Speaking after signing a MOU on the protection of IP on the internet with Shopee, Lazada, JD Central and IP owners, Jurin Laksanawisit, Commerce Minister, said the move aims to curb online infringement that may create adverse effects for economic growth, trade and investment, while lowering consumer trust in the online trading system.
E-commerce giants such as Alibaba and Amazon are left out because they are not that popular in Thailand according to Kowit Somwaiya, managing partner at LawPlus in Bangkok. “Shopee, Lazada and JD Central are the most popular e-commerce platforms amongst local users and IP infringers — the MOU with these platforms is a good start.”
Laksanawisit says that the MOU has two main objectives: to disable online sales of infringing products, and to provide IP knowledge and awareness to online merchants.
Intellectual property protection will increase Thailand’s competitiveness by using innovations and technologies as well as adding value to products and services, he says.
Vuttikrai Leewiraphan, director-general of the IP department, says that authorities already conducted 231 raids and seized 44,953 items last year.
“The infringing products were mainly consumer and fashion products such as clothing, shoes, watches, sun-glasses, lady handbags and cosmetics,” says Somwaiya.
Since 2018, more than 1,500 websites have been blocked due to infringing content under the Computer Crime Act, says Leewiraphan.
“Blocking 1,500 infringing websites in three years is a success but not enough!
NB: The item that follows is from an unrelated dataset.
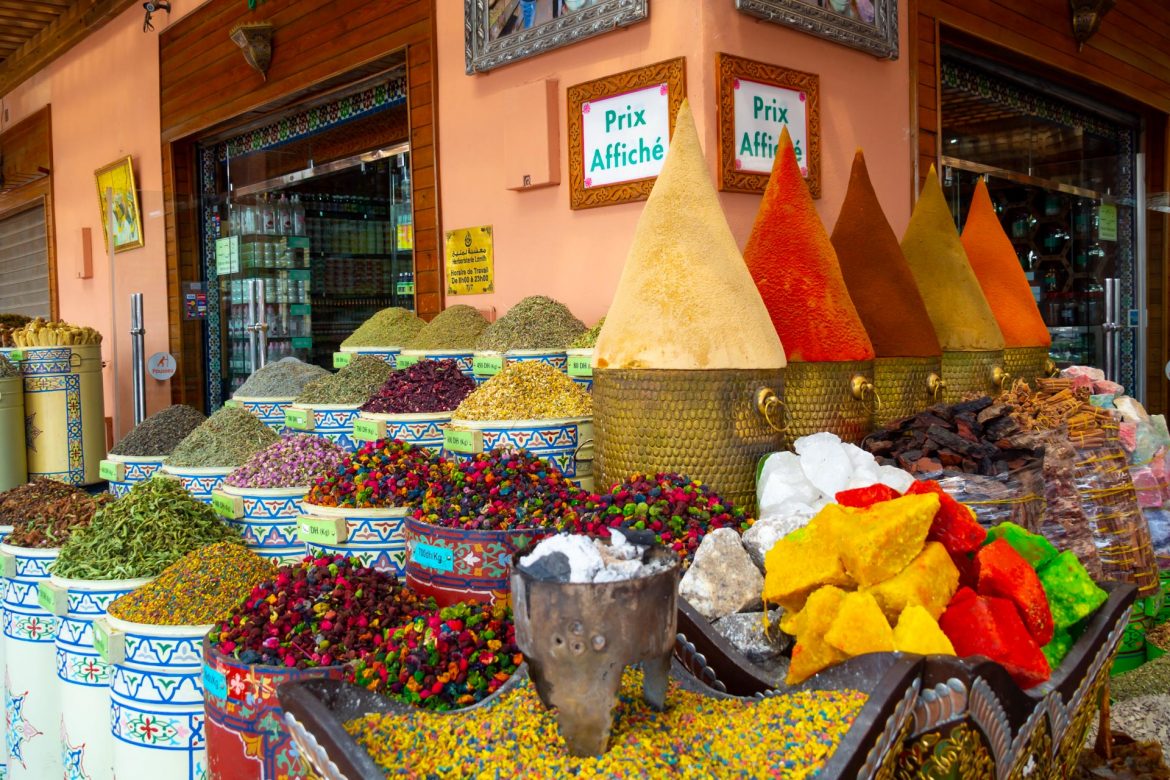 Verschiedene Gewürze aufgetürmt vor einem kleinen Laden in der Medina von Marrakesch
Infringing products are sold mainly via pages on e-commerce platforms and delivered by independent delivery companies and postal services — this is the main reason why the MOU with the cooperation from e-commerce platforms is important,” Somwaiya says. “Blocking infringing websites and taking down infringing pages and posts from e-commerce platforms need to be carried out non-stop and side by side with offline enforcement measures.”
“The MOU will help ensure Thailand’s IP protection and enforcement system and establish the appropriate environment for the growth of online trading,” says Leewiraphan.
“The department is desperate for direct cooperation from copyright and website owners to make the suppression efforts more effective,” he says.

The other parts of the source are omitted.